* _Source data_:
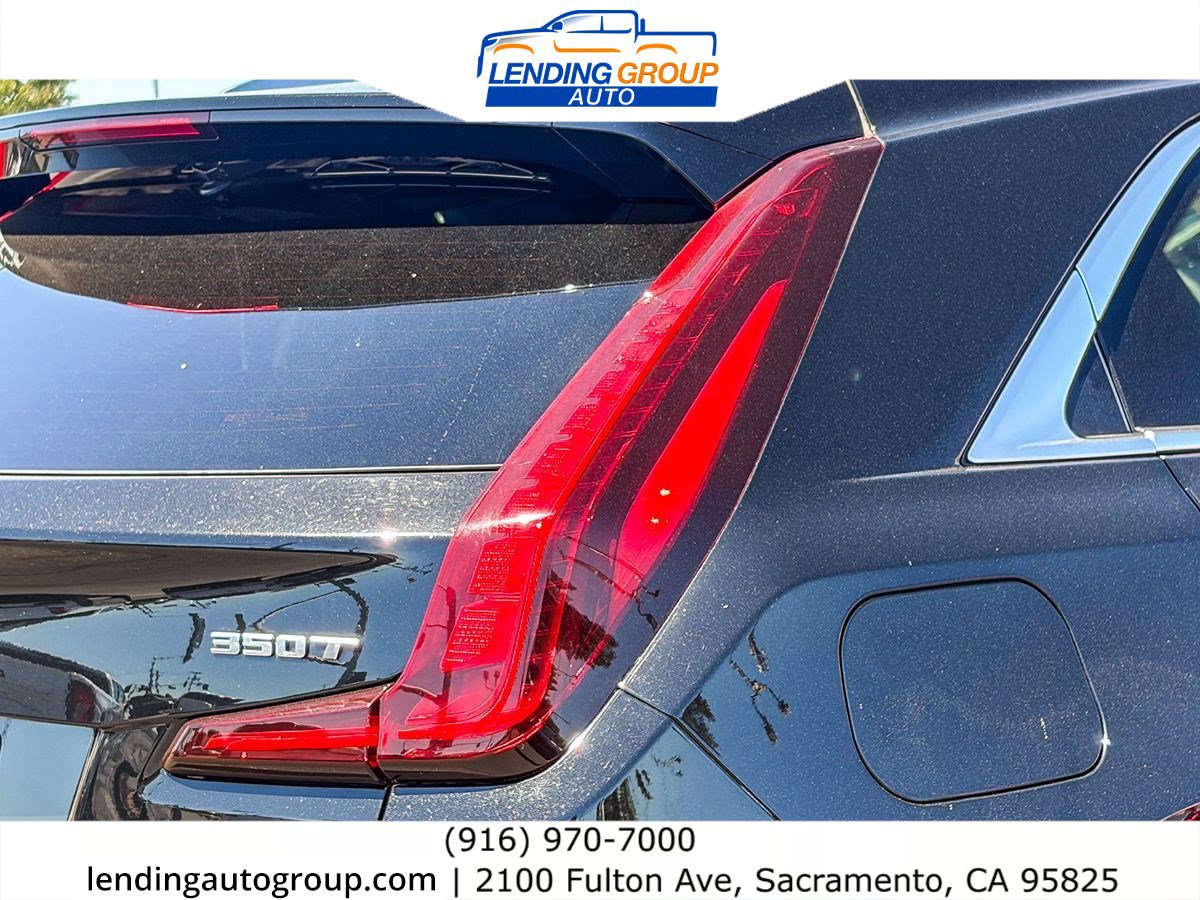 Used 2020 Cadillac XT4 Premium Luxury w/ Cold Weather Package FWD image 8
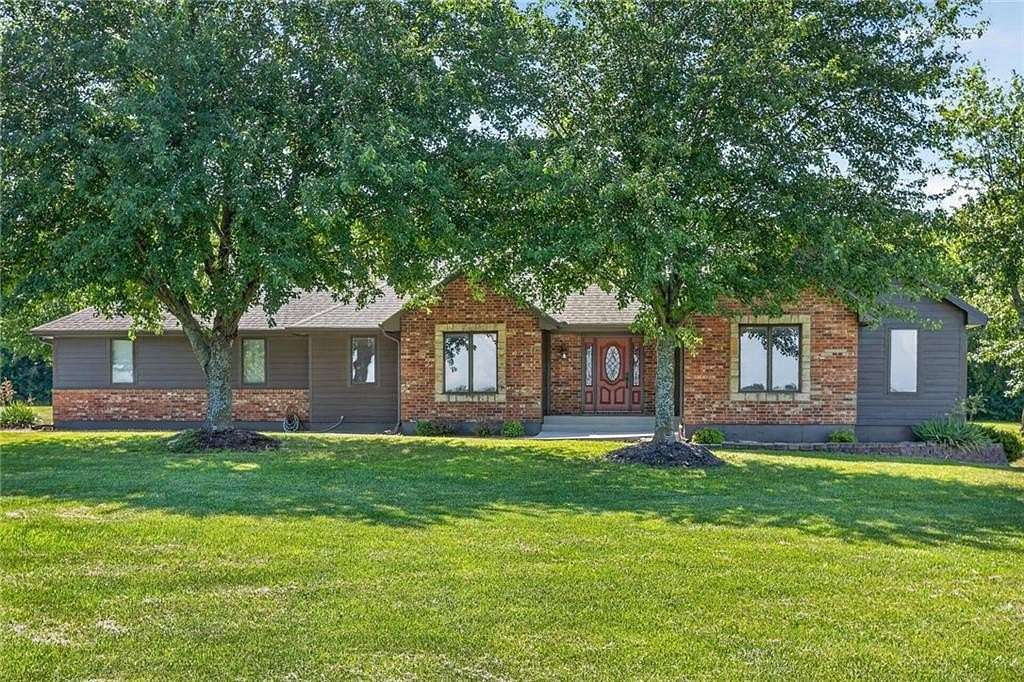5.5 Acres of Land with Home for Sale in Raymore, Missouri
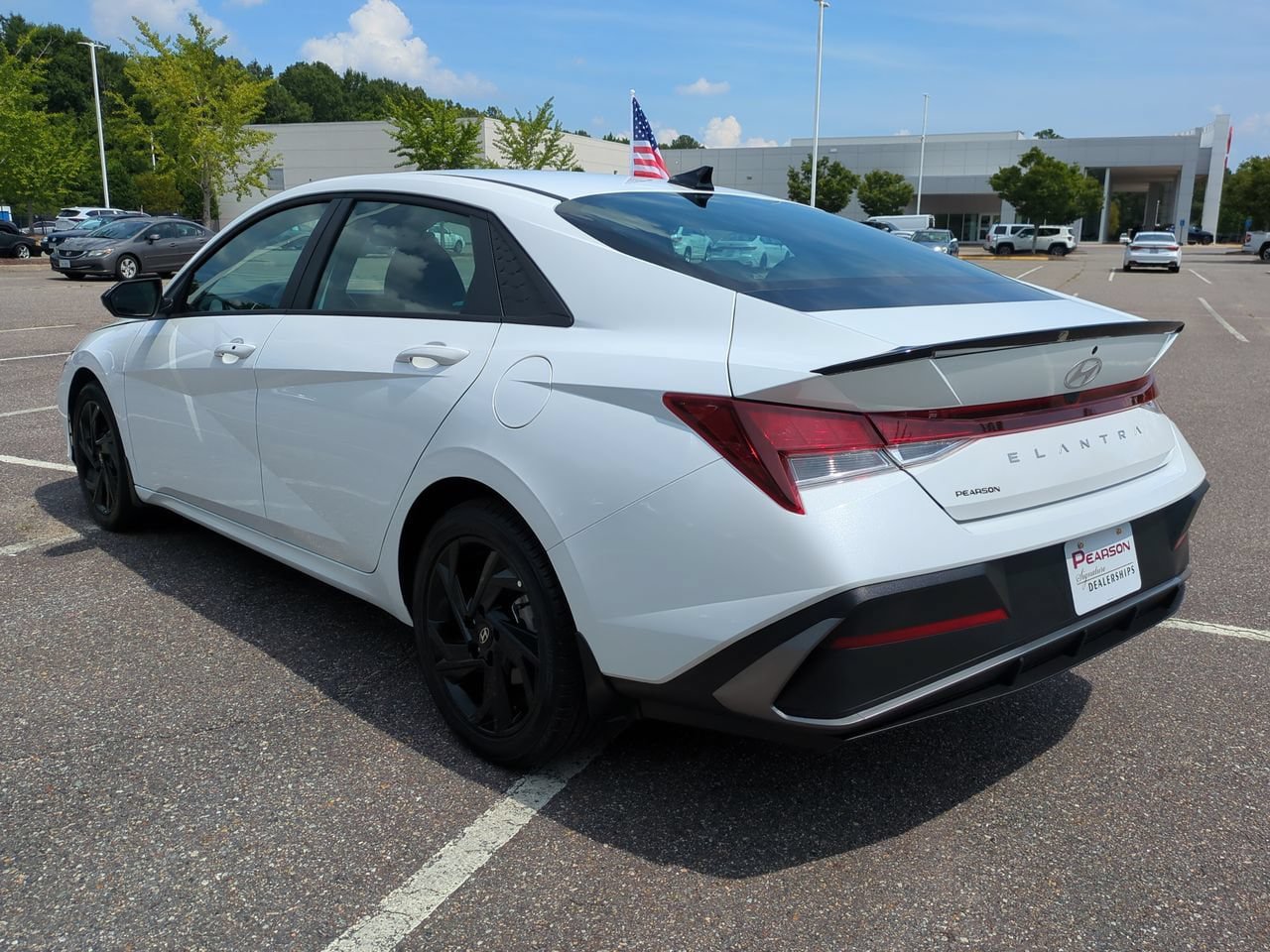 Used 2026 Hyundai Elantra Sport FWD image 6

* _Exercise instructions_:
Without the pictures, repeat the listing word for word.

* _Exercise result_:
 Used 2020 Cadillac XT4 Premium Luxury w/ Cold Weather Package FWD image 8
5.5 Acres of Land with Home for Sale in Raymore, Missouri
 Used 2026 Hyundai Elantra Sport FWD image 6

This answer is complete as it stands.